[Short descriptive text snippets]
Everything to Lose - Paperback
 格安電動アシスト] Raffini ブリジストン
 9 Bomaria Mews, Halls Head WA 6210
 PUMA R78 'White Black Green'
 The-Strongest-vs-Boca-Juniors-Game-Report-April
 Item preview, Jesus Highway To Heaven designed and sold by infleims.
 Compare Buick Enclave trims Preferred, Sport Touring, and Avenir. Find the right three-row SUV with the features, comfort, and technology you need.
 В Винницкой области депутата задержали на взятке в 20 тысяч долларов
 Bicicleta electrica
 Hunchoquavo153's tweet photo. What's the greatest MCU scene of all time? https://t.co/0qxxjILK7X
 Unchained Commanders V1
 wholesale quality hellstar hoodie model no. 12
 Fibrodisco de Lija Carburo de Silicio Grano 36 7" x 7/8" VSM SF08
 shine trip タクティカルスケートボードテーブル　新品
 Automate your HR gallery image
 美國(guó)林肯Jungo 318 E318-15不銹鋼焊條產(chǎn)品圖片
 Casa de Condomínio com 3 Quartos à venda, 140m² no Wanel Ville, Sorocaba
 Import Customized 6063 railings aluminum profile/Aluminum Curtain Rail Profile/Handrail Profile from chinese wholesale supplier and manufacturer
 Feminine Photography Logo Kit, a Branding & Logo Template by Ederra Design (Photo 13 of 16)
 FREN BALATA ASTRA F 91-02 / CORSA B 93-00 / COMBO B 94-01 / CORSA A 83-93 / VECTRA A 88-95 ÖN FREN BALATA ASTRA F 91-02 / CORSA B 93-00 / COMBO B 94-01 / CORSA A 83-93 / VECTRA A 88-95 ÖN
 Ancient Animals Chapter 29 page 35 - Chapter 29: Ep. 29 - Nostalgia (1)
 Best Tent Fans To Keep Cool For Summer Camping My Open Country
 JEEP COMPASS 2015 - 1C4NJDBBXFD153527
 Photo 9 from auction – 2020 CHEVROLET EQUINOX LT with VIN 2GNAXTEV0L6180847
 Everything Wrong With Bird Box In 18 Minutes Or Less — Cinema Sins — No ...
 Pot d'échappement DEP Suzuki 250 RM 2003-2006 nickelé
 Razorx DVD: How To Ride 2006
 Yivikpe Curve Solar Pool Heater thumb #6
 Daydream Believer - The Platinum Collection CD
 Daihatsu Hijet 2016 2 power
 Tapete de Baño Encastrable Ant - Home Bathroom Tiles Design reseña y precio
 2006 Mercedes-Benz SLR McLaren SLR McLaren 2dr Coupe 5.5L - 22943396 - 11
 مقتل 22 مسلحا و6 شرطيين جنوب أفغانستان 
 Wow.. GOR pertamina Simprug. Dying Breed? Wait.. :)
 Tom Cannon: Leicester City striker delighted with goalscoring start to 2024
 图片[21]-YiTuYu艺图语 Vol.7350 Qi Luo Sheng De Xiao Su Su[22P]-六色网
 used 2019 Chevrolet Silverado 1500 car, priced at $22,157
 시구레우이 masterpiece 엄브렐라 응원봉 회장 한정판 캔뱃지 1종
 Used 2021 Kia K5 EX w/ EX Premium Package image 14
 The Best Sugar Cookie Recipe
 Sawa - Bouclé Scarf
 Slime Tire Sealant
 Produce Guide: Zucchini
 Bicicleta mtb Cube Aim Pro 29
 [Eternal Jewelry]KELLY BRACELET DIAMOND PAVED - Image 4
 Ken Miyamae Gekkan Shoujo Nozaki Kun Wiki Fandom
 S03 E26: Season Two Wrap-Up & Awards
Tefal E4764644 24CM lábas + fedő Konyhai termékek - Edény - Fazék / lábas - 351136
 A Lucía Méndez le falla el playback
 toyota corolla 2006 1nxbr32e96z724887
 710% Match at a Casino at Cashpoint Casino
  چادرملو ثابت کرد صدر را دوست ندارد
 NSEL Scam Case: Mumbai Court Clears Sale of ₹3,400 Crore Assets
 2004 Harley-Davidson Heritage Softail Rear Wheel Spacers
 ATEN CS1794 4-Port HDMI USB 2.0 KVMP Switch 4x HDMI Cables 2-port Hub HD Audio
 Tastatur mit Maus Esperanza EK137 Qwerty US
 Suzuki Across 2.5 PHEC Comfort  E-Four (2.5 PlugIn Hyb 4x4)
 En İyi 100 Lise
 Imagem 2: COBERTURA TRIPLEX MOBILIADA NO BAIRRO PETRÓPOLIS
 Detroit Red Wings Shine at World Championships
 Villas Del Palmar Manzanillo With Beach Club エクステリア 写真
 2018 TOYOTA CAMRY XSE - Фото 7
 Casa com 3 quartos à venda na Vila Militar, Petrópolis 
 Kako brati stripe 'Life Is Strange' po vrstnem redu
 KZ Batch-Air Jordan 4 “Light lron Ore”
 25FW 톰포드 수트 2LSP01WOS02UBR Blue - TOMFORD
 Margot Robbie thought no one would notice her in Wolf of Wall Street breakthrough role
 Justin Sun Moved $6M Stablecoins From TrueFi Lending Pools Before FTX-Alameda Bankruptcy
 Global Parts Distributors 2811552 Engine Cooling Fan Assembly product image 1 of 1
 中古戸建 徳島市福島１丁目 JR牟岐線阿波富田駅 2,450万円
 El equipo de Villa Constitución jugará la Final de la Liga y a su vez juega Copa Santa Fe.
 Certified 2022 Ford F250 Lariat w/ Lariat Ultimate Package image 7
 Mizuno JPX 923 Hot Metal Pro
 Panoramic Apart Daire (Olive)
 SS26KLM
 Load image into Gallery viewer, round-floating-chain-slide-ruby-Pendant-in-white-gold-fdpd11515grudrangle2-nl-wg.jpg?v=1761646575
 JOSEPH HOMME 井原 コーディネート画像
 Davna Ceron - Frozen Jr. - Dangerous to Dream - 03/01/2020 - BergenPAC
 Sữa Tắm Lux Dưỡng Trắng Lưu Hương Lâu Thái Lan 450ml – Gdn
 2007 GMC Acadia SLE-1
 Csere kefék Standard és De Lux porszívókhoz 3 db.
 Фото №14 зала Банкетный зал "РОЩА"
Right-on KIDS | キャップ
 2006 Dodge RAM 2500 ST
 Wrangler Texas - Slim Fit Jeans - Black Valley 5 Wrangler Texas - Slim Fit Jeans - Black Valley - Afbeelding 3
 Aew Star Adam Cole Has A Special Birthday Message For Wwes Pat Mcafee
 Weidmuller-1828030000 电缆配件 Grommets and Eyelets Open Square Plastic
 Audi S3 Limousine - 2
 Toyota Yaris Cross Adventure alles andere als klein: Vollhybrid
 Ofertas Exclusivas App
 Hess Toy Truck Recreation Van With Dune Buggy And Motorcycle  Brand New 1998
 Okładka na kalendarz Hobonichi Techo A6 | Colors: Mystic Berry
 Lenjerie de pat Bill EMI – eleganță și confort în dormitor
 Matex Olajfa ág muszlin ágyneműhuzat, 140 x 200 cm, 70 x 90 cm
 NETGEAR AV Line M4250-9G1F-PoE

* DIRECTIONS FOR THIS TASK
The answer must restate each entry word for word.

* SOLUTION TO THE EXERCISE
Everything to Lose - Paperback
 格安電動アシスト] Raffini ブリジストン
 9 Bomaria Mews, Halls Head WA 6210
 PUMA R78 'White Black Green'
 The-Strongest-vs-Boca-Juniors-Game-Report-April
 Item preview, Jesus Highway To Heaven designed and sold by infleims.
 Compare Buick Enclave trims Preferred, Sport Touring, and Avenir. Find the right three-row SUV with the features, comfort, and technology you need.
 В Винницкой области депутата задержали на взятке в 20 тысяч долларов
 Bicicleta electrica
 Hunchoquavo153's tweet photo. What's the greatest MCU scene of all time? https://t.co/0qxxjILK7X
 Unchained Commanders V1
 wholesale quality hellstar hoodie model no. 12
 Fibrodisco de Lija Carburo de Silicio Grano 36 7" x 7/8" VSM SF08
 shine trip タクティカルスケートボードテーブル　新品
 Automate your HR gallery image
 美國(guó)林肯Jungo 318 E318-15不銹鋼焊條產(chǎn)品圖片
 Casa de Condomínio com 3 Quartos à venda, 140m² no Wanel Ville, Sorocaba
 Import Customized 6063 railings aluminum profile/Aluminum Curtain Rail Profile/Handrail Profile from chinese wholesale supplier and manufacturer
 Feminine Photography Logo Kit, a Branding & Logo Template by Ederra Design (Photo 13 of 16)
 FREN BALATA ASTRA F 91-02 / CORSA B 93-00 / COMBO B 94-01 / CORSA A 83-93 / VECTRA A 88-95 ÖN FREN BALATA ASTRA F 91-02 / CORSA B 93-00 / COMBO B 94-01 / CORSA A 83-93 / VECTRA A 88-95 ÖN
 Ancient Animals Chapter 29 page 35 - Chapter 29: Ep. 29 - Nostalgia (1)
 Best Tent Fans To Keep Cool For Summer Camping My Open Country
 JEEP COMPASS 2015 - 1C4NJDBBXFD153527
 Photo 9 from auction – 2020 CHEVROLET EQUINOX LT with VIN 2GNAXTEV0L6180847
 Everything Wrong With Bird Box In 18 Minutes Or Less — Cinema Sins — No ...
 Pot d'échappement DEP Suzuki 250 RM 2003-2006 nickelé
 Razorx DVD: How To Ride 2006
 Yivikpe Curve Solar Pool Heater thumb #6
 Daydream Believer - The Platinum Collection CD
 Daihatsu Hijet 2016 2 power
 Tapete de Baño Encastrable Ant - Home Bathroom Tiles Design reseña y precio
 2006 Mercedes-Benz SLR McLaren SLR McLaren 2dr Coupe 5.5L - 22943396 - 11
 مقتل 22 مسلحا و6 شرطيين جنوب أفغانستان 
 Wow.. GOR pertamina Simprug. Dying Breed? Wait.. :)
 Tom Cannon: Leicester City striker delighted with goalscoring start to 2024
 图片[21]-YiTuYu艺图语 Vol.7350 Qi Luo Sheng De Xiao Su Su[22P]-六色网
 used 2019 Chevrolet Silverado 1500 car, priced at $22,157
 시구레우이 masterpiece 엄브렐라 응원봉 회장 한정판 캔뱃지 1종
 Used 2021 Kia K5 EX w/ EX Premium Package image 14
 The Best Sugar Cookie Recipe
 Sawa - Bouclé Scarf
 Slime Tire Sealant
 Produce Guide: Zucchini
 Bicicleta mtb Cube Aim Pro 29
 [Eternal Jewelry]KELLY BRACELET DIAMOND PAVED - Image 4
 Ken Miyamae Gekkan Shoujo Nozaki Kun Wiki Fandom
 S03 E26: Season Two Wrap-Up & Awards
Tefal E4764644 24CM lábas + fedő Konyhai termékek - Edény - Fazék / lábas - 351136
 A Lucía Méndez le falla el playback
 toyota corolla 2006 1nxbr32e96z724887
 710% Match at a Casino at Cashpoint Casino
  چادرملو ثابت کرد صدر را دوست ندارد
 NSEL Scam Case: Mumbai Court Clears Sale of ₹3,400 Crore Assets
 2004 Harley-Davidson Heritage Softail Rear Wheel Spacers
 ATEN CS1794 4-Port HDMI USB 2.0 KVMP Switch 4x HDMI Cables 2-port Hub HD Audio
 Tastatur mit Maus Esperanza EK137 Qwerty US
 Suzuki Across 2.5 PHEC Comfort  E-Four (2.5 PlugIn Hyb 4x4)
 En İyi 100 Lise
 Imagem 2: COBERTURA TRIPLEX MOBILIADA NO BAIRRO PETRÓPOLIS
 Detroit Red Wings Shine at World Championships
 Villas Del Palmar Manzanillo With Beach Club エクステリア 写真
 2018 TOYOTA CAMRY XSE - Фото 7
 Casa com 3 quartos à venda na Vila Militar, Petrópolis 
 Kako brati stripe 'Life Is Strange' po vrstnem redu
 KZ Batch-Air Jordan 4 “Light lron Ore”
 25FW 톰포드 수트 2LSP01WOS02UBR Blue - TOMFORD
 Margot Robbie thought no one would notice her in Wolf of Wall Street breakthrough role
 Justin Sun Moved $6M Stablecoins From TrueFi Lending Pools Before FTX-Alameda Bankruptcy
 Global Parts Distributors 2811552 Engine Cooling Fan Assembly product image 1 of 1
 中古戸建 徳島市福島１丁目 JR牟岐線阿波富田駅 2,450万円
 El equipo de Villa Constitución jugará la Final de la Liga y a su vez juega Copa Santa Fe.
 Certified 2022 Ford F250 Lariat w/ Lariat Ultimate Package image 7
 Mizuno JPX 923 Hot Metal Pro
 Panoramic Apart Daire (Olive)
 SS26KLM
 Load image into Gallery viewer, round-floating-chain-slide-ruby-Pendant-in-white-gold-fdpd11515grudrangle2-nl-wg.jpg?v=1761646575
 JOSEPH HOMME 井原 コーディネート画像
 Davna Ceron - Frozen Jr. - Dangerous to Dream - 03/01/2020 - BergenPAC
 Sữa Tắm Lux Dưỡng Trắng Lưu Hương Lâu Thái Lan 450ml – Gdn
 2007 GMC Acadia SLE-1
 Csere kefék Standard és De Lux porszívókhoz 3 db.
 Фото №14 зала Банкетный зал "РОЩА"
Right-on KIDS | キャップ
 2006 Dodge RAM 2500 ST
 Wrangler Texas - Slim Fit Jeans - Black Valley 5 Wrangler Texas - Slim Fit Jeans - Black Valley - Afbeelding 3
 Aew Star Adam Cole Has A Special Birthday Message For Wwes Pat Mcafee
 Weidmuller-1828030000 电缆配件 Grommets and Eyelets Open Square Plastic
 Audi S3 Limousine - 2
 Toyota Yaris Cross Adventure alles andere als klein: Vollhybrid
 Ofertas Exclusivas App
 Hess Toy Truck Recreation Van With Dune Buggy And Motorcycle  Brand New 1998
 Okładka na kalendarz Hobonichi Techo A6 | Colors: Mystic Berry
 Lenjerie de pat Bill EMI – eleganță și confort în dormitor
 Matex Olajfa ág muszlin ágyneműhuzat, 140 x 200 cm, 70 x 90 cm
 NETGEAR AV Line M4250-9G1F-PoE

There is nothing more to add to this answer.